While some may use that situation as an excuse to ‘wait and see’, the market itself doesn’t really allow for hesitation. From a total production of 79,000 trailers in 2009, the industry bounced back to over 240,000 in 2012 and the overall sentiment is positive again. Hence, production has to keep up with growing demand while the engineering department has to ensure the product portfolio is ready to compete.
“The modern US fleet is looking for the ideal mix between performance, weight, and price, so we have to work hard to find the right balance,” says Hal Bennett. “With increasing fuel costs and new regulations that ultimately add weight to the prime mover, weight continues to be a growing concern in the fleet segment. But while the economic concerns over the past five years have definitely driven pricing considerations, life cycle cost is still seen as a more critical variable that the initial price of the trailer. So, that’s what we will be focusing on first and foremost.”
To stay ahead of the pack, Utility’s multi-million dollar R&D centre is constantly working on new designs and innovations, and to do so, it can draw on a company-owned ‘torture’ track. “Having our own test track for over 40 years has given us the ability to design against bench marked successes. We test, re-test and test again until we get it right”, says Craig Bennett.
Emphasizing quality before price, Paul Bennett is in line with many a family business in the world, finding that consumers tend to associate that type of business with quality production and a more honest approach to doing business. In a way, that ‘family brand identity’ has thereby become a tool to effectively differentiate Utility in the crowded US marketplace – and with Jeff, Stephen and Todd in the business, there is no sign of backing down.
In fact, it is scientifically proven that the high performance of family businesses is the result of the inherent strengths they have compared to public counterparts, including a high level of commitment, knowledge continuity as well as reliability and a sense of personal pride.3
“Many family members identify with the company and are usually willing to work harder and reinvest part of their profits into the business to allow it to grow in the long term,” according to a World Bank report.
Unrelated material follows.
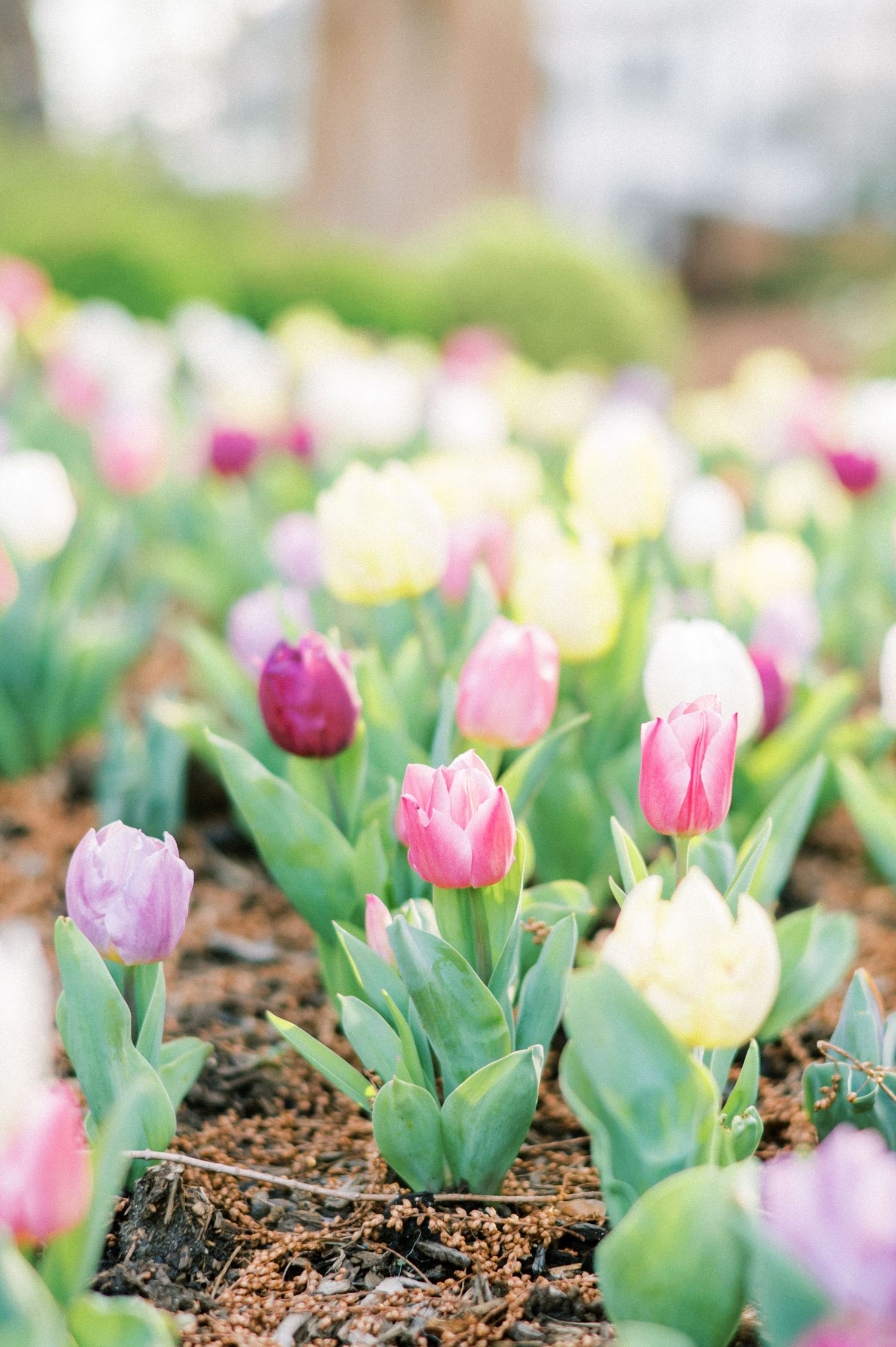 Pink and purple tulips emerging from dark soil in a spring garden with soft bokeh background effect.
They also make it a priority to pass on their accumulated knowledge, experience, and skills to ensure the company’s original identity will be preserved in the long run – which is especially true in Utility’s case, where the two generations are working hand in hand to make the transition as smooth as possible.
“At Utility, we have always responded to the changing needs of the market, but one thing that will never change is our dedication to providing satisfaction to each of our customers,” says Paul Bennett. “But at the end of the day, we are a family business – regardless of our global footprint or turnover.”